Reproduce word for word, from the entries below, the line with "Close-up shot of", the line with "Napolioni Nalaga of", and every line between them, and nothing more.

== EXTRACTED RECORDS ==
..........

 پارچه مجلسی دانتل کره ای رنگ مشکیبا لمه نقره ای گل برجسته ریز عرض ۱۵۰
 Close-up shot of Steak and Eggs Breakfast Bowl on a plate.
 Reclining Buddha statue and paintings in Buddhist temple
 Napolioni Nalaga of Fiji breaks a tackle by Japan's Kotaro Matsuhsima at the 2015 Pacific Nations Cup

..........

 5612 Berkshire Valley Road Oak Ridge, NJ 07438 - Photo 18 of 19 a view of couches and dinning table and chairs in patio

..........

== OUTPUT FOR THIS TASK ==
 Close-up shot of Steak and Eggs Breakfast Bowl on a plate.
 Reclining Buddha statue and paintings in Buddhist temple
 Napolioni Nalaga of Fiji breaks a tackle by Japan's Kotaro Matsuhsima at the 2015 Pacific Nations Cup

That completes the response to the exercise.